I was lucky enough to be surprised with a new graphite Kindle DX this past Christmas and still haven't decide which case to get for it! I've narrowed my selections down to the following:

*Noreve* (http://www.noreve.com/langue/en/product/Housse_cuir_Amazon_Kindle_DX_Tradition.html) in the soft, dark red leather (Passion vintage Exceptional Selection): Case design is the book style I prefer and rail system appears to hold Kindle securely without damaging it or obscuring it. Front cover of case seems to offer a nice amount of padding and looks like it should fold back for one handed reading; can anyone confirm my suspicions? Only negative I can see is lack of a soft surface on the back of the front cover where it lies against the Kindle screen (there are organizer slots in what looks like stiff leather instead).
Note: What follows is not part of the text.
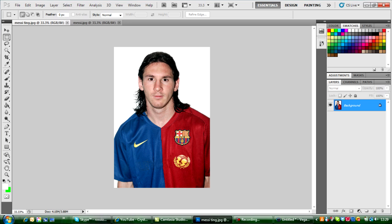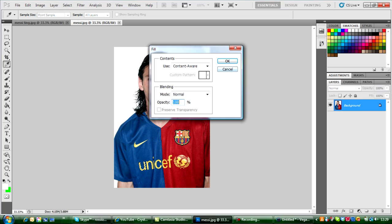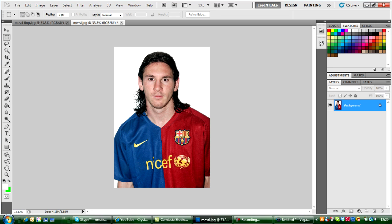I'll just get straight into it. Get your magic wand tool, tolerance about 90. Then get your marquee tool — click the letter you want to remove. By the way, try this on anything you want to get rid of but keep the background. Get your marquee tool, right-click on the letter, fill, leave everything as it is, click OK, then Ctrl+D.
*Oberon* (http://www.oberondesign.com/shop/cart.php?m=product_detail&p=1077), Celtic Hounds design in wine: Case design is the book style I prefer and leather corner strap / marine bungee combo seem to hold Kindle securely without damaging it or obscuring it. I watched the video and noticed that the front cover can be folded back for one handed reading (probably more easily with time). There's also a nice wool pad where the front cover brushes against the Kindle screen. I couldn't tell from Oberon's website how much padding this cover has.

*Piel Farma* (http://www.pielframa.com/amazon-kindle-dx-cases.htm) in red: Case design is the book style I prefer and totally encloses the Kindle with cutouts for inputs & controls without damaging it. this design partially obscures the Kindle. Front cover of case seems to offer a nice amount of padding incorporates an ABS insert for added protection; it also looks like it should fold back for one handed reading. There's a soft leather lining where the front cover brushes against the Kindle screen.

These are all such beautiful covers, I'm really having a tough time deciding. Aside from aesthetics, my main considerations are the amount of protection offered the Kindle inside and out, the ability to easily fold the cover back for one-handed reading, and the size and weight of the covers (which I wasn't able to find information on anywhere). If anyone could provide this, I'd be grateful!

Thanks for your input and suggestions,

Bechi


----------



## shortbun (May 15, 2011)

I had money from my birthday and I ordered myself an Oberon Pappilon/Butterfly in purple. It's going to be heavy, adding at least a pound but the cover allows you to tent it on a table for reading and if I'm in bed and want it to be lighter, I'll take it out of the case.  I also got a waterproof case for the beach; i'll leave the leather at the house.


----------



## maries (Dec 29, 2010)

I think all will give your DX good protection.

Noreve - a longer wait to receive but the rail system is nice.  I have never read of any issues with the inside cover causing a problem.  This should fold back easily and be one of the lighter covers.

Piel Frama - isn't a good choice if you want a skin.  Other than that I read good things about their covers.  I have one I never used for a K3 (wasn't thiking about the skin issue).  Leather should be soft and flexible and probably a minimal wait time to get this.  But you've waited a while now to find your perfect cover.  Cases.com sells these but are out of all but the green.  I'm sure there are other sources.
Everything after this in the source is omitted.